A Constructed Life

Thanks, and I’ve relaxed

The day after I wrote that last post, freaking out over somewhat silly things, an 8-year-old boy was killed by a bomb during the Boston marathon. There’s nothing like that to put worries into perspective. Every parent worries – for life – and while we all have the same big worries in common (kidnapping, drugs, bullying, harm, etc), the tiny concerns can set us apart.

As you can tell from my last post, I am concerned about what is happening to the food we eat. In short, I don’t trust it. I worry about the abundance of chemicals we so freely fill our days with and what they are doing to our bodies and environment. But that’s a post for another time.

Today, I want to share two things. First, what you have all obviously been waiting for – did Adeline (and I) survive her first field trip? Yes! Turns out, not surprisingly, I had nothing to worry about. She sat with a little boy named Grady, and I guess they were giggling while on the bus and watching Rumplestiltskin and his gold-spinning ways quite contentedly. As for me, as soon as I vented my concerns here, I felt a million times better, as is so often the case. As for the reasoning behind no seat belts on school buses, there are good reasons! Read them here, if you would like.

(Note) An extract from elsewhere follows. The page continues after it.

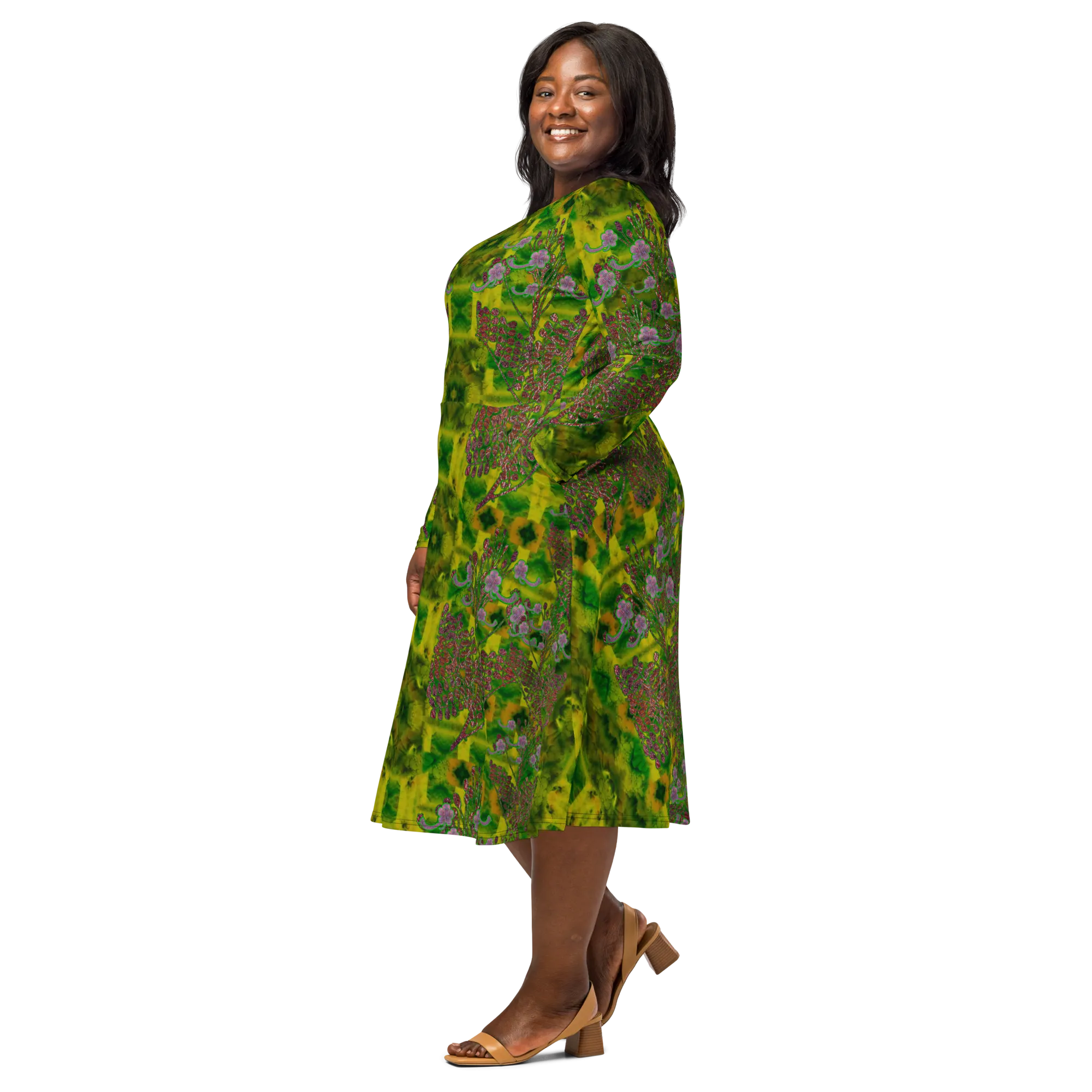 Long Sleeve Midi Dress (Her/Muliebris)(WindSong Flower) RJSTH@Fabric#5 RJSTHS2022 RJS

The other thing I want to share is an all-time favorite poem that I’m sure many of you have read before. It always quiets my fears regarding my children and makes me remember that their lives are not mine to control. They are theirs to discover.

Children by Khalil Gibran

Your children are not your children.
They are the sons and daughters of Life’s longing for itself.
They come through you but not from you,
And though they are with you, yet they belong not to you.
You may give them your love but not your thoughts.
For they have their own thoughts.
You may house their bodies but not their souls,
For their souls dwell in the house of tomorrow, which you cannot visit, not even in your dreams.
You may strive to be like them, but seek not to make them like you.
For life goes not backward nor tarries with yesterday.
You are the bows from which your children as living arrows are sent forth.
The archer sees the mark upon the path of the infinite, and He bends you with His might that His arrows may go swift and far.
Let your bending in the archer’s hand be for gladness;
For even as he loves the arrow that flies, so He loves also the bow that is stable.

4 thoughts on “Thanks, and I’ve relaxed

  1. Uncle Bob

    Thank goodness Addy had a good time. If she had not, I would’ve been blamed.

    Liz, you’re a teriffic/terrific/terriffic/terific mom. Keep doing what you do.